Hasta aquí se ha llegado con el igualitarismo en la escuela, una apuesta de una determinada ideología, que ha venido a minar el espíritu de mejora de los alumnos. Apartarse de la mediocridad ya no está de moda, más bien todo lo opuesto. Esta “desaforada adoración de lo normal” (de nuevo, Chesterton) ha hecho mella en la conducta de los menores, y los que no lo son tanto. Algunos alumnos, dispuestos a saber sus calificaciones sin sentir por ello el dedo acusador de sus compañeros, me invitaban a decir en voz alta su nombre y la nota correspondiente. Adiviné en su actitud, más que valentía, honestidad en el designio. Y me agradó el gesto y lo recompensé como era de justicia. En nuestros tiempos, allá por los años 80 del siglo pasado, por no remontarme más atrás, las calificaciones eran publicadas en los tablones de los departamentos o, inclusive, en el interior de las aulas. Hoy, eso es impensable, ni siquiera en la propia universidad.

Por supuesto, había disgustos con los resultados, decepciones o frustraciones, así como el contento o satisfacción de muchos, pero todos entendíamos que la misma lista con los nombres era un ejemplo de transparencia y de igualdad de trato. Ni fulanito, por su acreditada excelencia, ni menganito, por su escaso rendimiento, eran excluidos de la nómina. Con el delirio pedagógico y el hiperproteccionismo de padres e instituciones, se ha conseguido dinamitar el concepto de justicia académica que brillaba en aquellos listados de notas. En su contra, se ha impuesto el secretismo, el melindre hipócrita y, cómo no, el desprestigio de la excelencia. La sacrosanta equidad se ha interpretado de la peor de las maneras hasta relegar al silencio el talento y el mérito.

Un tercer día, cayó en mis manos un nuevo libro, de época parecida a la del autor de La taberna errante, cuyo encabezamiento me atrajo. El loco (1918) de Khalil Gibram contiene un breve cuento de título sugerente, El espantapájaros, en el que se halla la oportuna ironía que explica el desafuero de la moderna educación. El monigote, orgulloso de su trabajo, que consiste en apartar de sí lo que le rodea, proclama que el éxito de su tarea se debe al placer que siente al realizarla. Un placer que “sólo conocen quienes están repletos de paja como yo”. Y así, pasado un año, se convierte en un “eminente filósofo”, como los paladines de la pedagogía del hiperaula o estupideces semejantes que van camino de arruinar la enseñanza en España.

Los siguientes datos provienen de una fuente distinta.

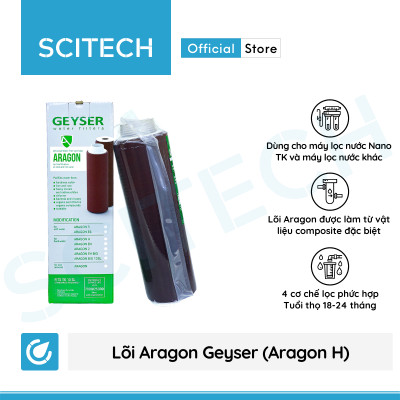 Bộ lõi số 1,2,3 máy lọc nước Nano Geyser TK by Scitech (Lõi CTO/Cation-GAC-Aragon) - Hàng chính hãng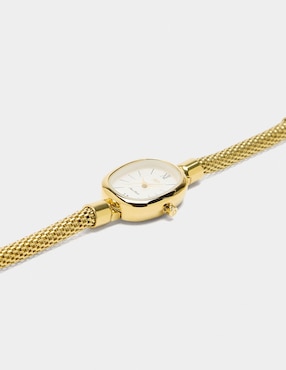 Reloj Parfois Gold Tray para mujer 245232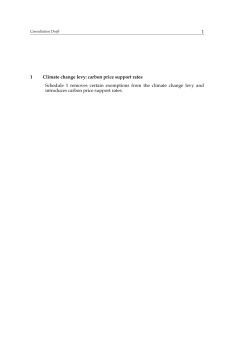 1 1 Climate change levy: carbon price support rates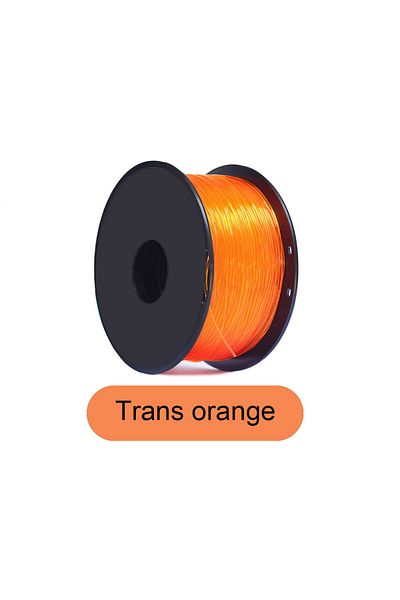 Choice Trans orange TPU 3D Printer Flexible Filament  250g 1.75mm Length 80M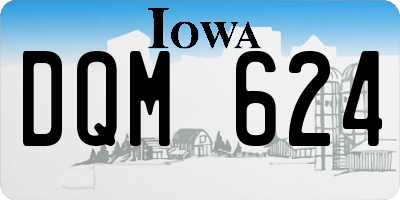 IA license plate DQM624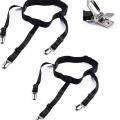 1Pair Elastic Mens Shirt Stays Striped Suspenders Straps Anti-skid Belt Garters Nylon Adjustable Shirt Holders For Male. 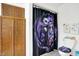 View of a bathroom with a Nightmare Before Christmas shower curtain and toilet seat cover at 13151 W Youth Camp Rd, Columbus, IN 47201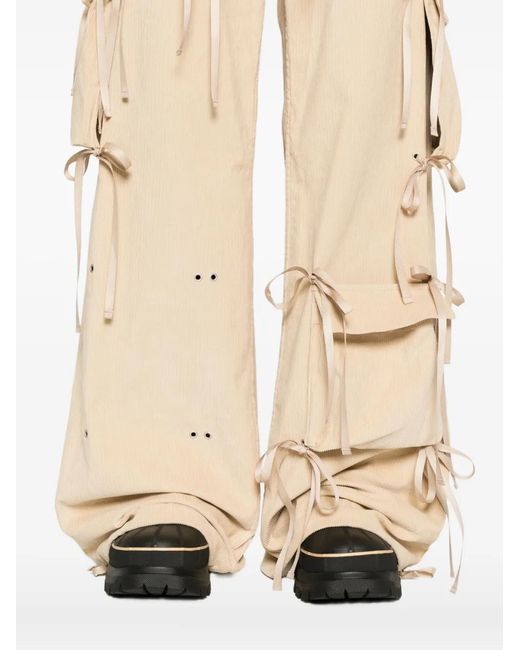 Reese Cooper Natural Corduroy Wide-Leg Trousers for men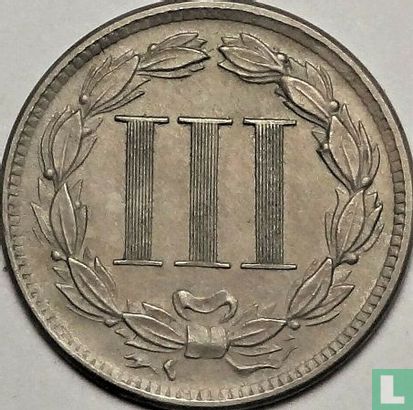 Verenigde Staten 3 cents 1884 - Afbeelding 2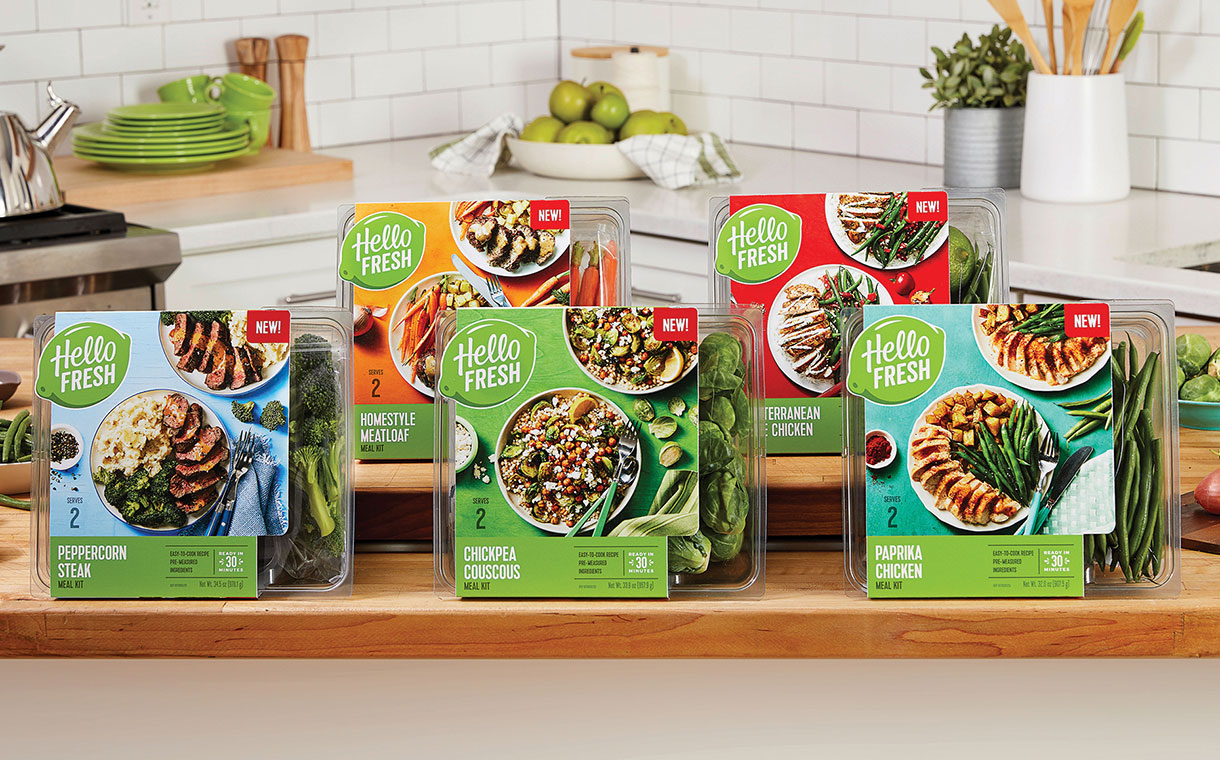 HelloFresh releases its first retail product range in the US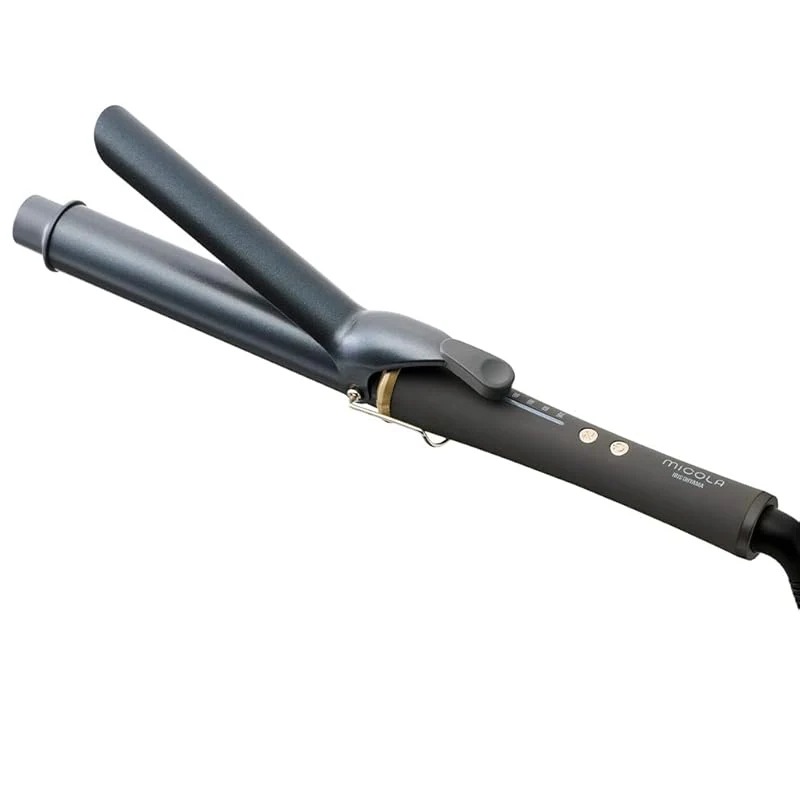 【即納】アイリスオーヤマ MiCOLA (ミコラ) カールアイロン コテ パイプ直径32mm 海外対応 温度調節可能 HIR-MC202-H ダークグレー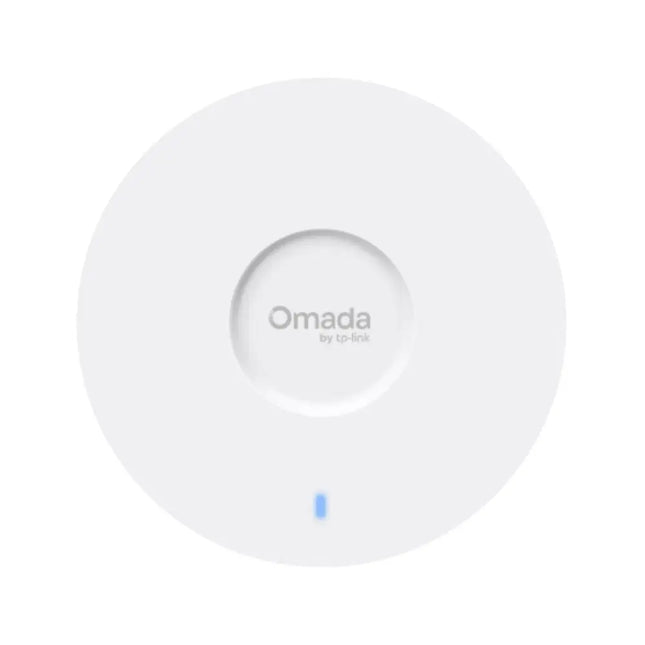TP-Link Omada EAP653 AX3000 ceiling mount Wi-Fi 6 access point in a compact, ultra-slim white circular chassis.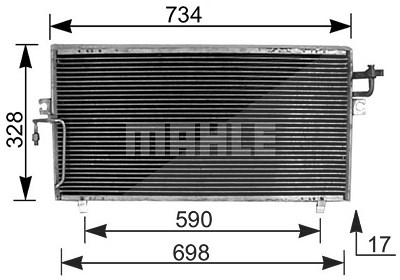 Mahle Kondensator, Klimaanlage [Hersteller-Nr. AC187000S] für Nissan von MAHLE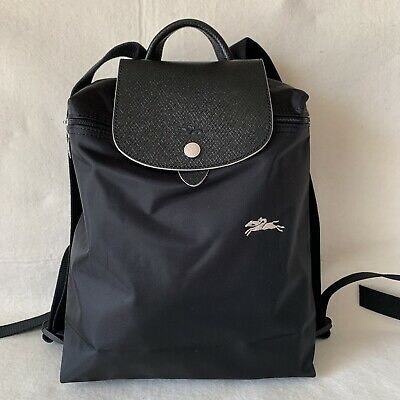 Longchamp Le Pliage Backpack club black instock, Women's Fashion
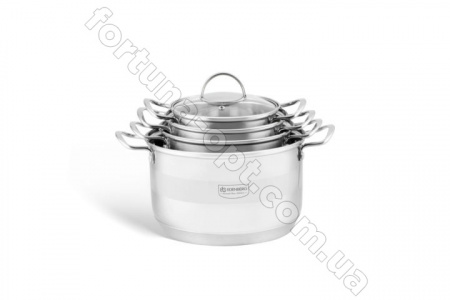 Набор кастрюль со сковородкой Edenberg EB - 3732➜ Опт и розница ✅ актуальная цена -Интернет магазин ✅ Фортуна ✅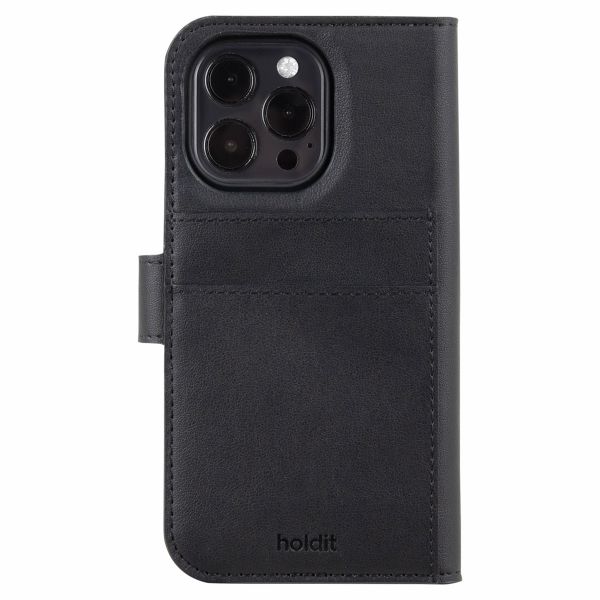 Holdit Wallet Case Magnet Plus für das iPhone 16 Pro Max - Schwarz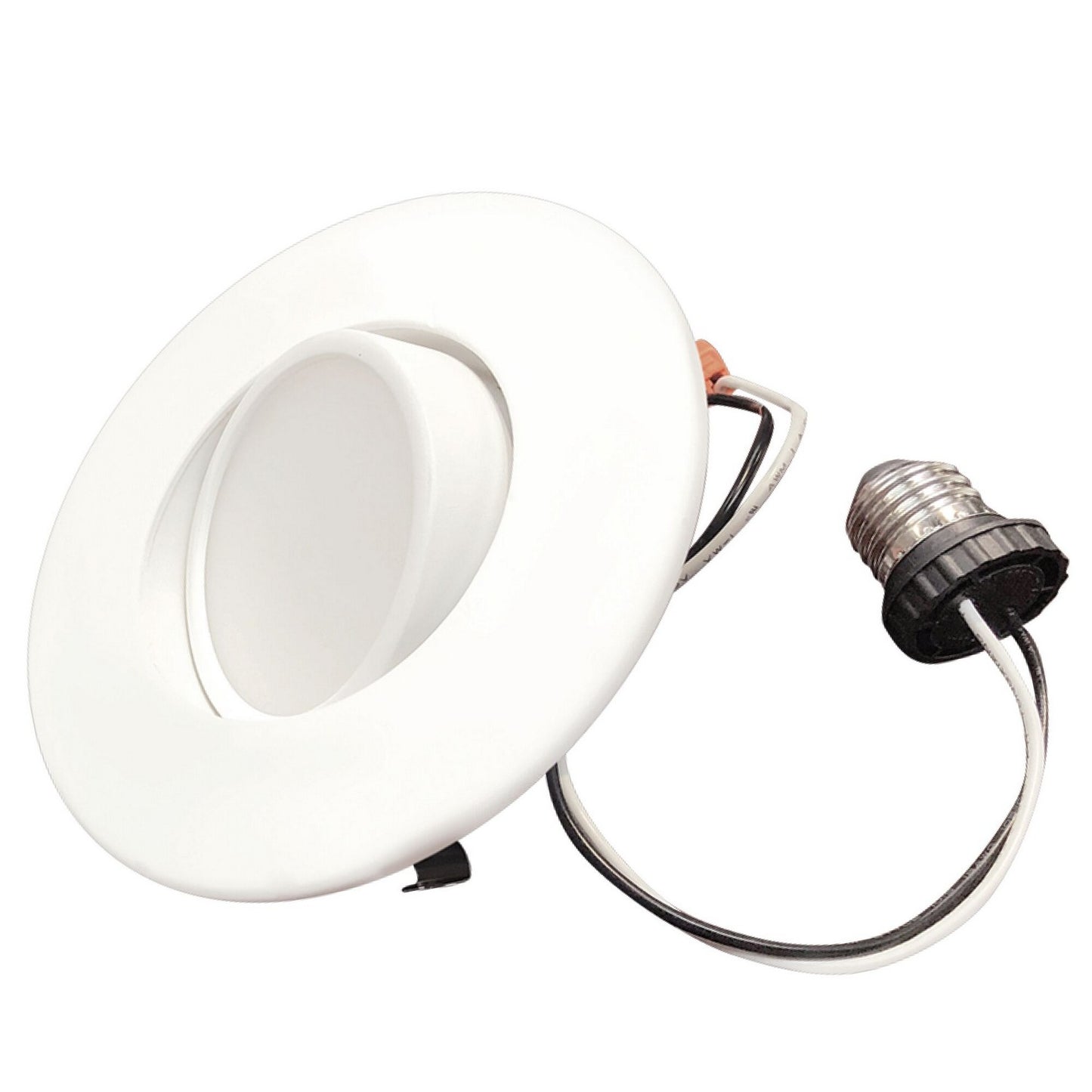 Recessed Recessed Downlight in White Round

Esta estrategia, la de desproveer al individuo de la ambición por separarse del resto, de sumirlo en la más absoluta medianía, anima a que el propósito de una vida sea el de la pura mediocridad. Y ésta ha sido la íntima aspiración de buena parte de los supuestos expertos en educación y de muchos políticos que les bailan el agua. Pero, negar a la persona su legítima tendencia al progreso es el reflejo de una actitud decadente, en lo intelectual tanto como en lo moral, impropia de los tiempos que corren. Me cuesta pensar que un profesor prohíba o limite la expresión del talento, como también me cuesta entender que haya docentes que humillen a sus alumnos. Ambas conductas son igualmente reprobables y por la misma razón, que no es otra que el respeto por los derechos de los chicos, tanto a ser reconocidos y premiados por su excelencia como atendidos si no llegan. Lo que no es en absoluto justo ni oportuno es que, en aras a una igualdad mal entendida, se estandarice al alumnado.

Como concluía Chesterton sobre el joven Simmons, “había ido al único lugar donde todo el mundo viste igual: a un regimiento”. En verdad que serían todos idénticos, tanto que se acabaría con la singularidad humana, con aquello que nos hace diferentes y únicos. Un mundo muy parecido a las distopías educativas de corte apocalíptico en las que el individuo desaparece por completo, sometido a la atonía general. Si esa es la dirección en la que circula el tren de la moderna educación, perdónenme, pero yo me bajo en la próxima estación.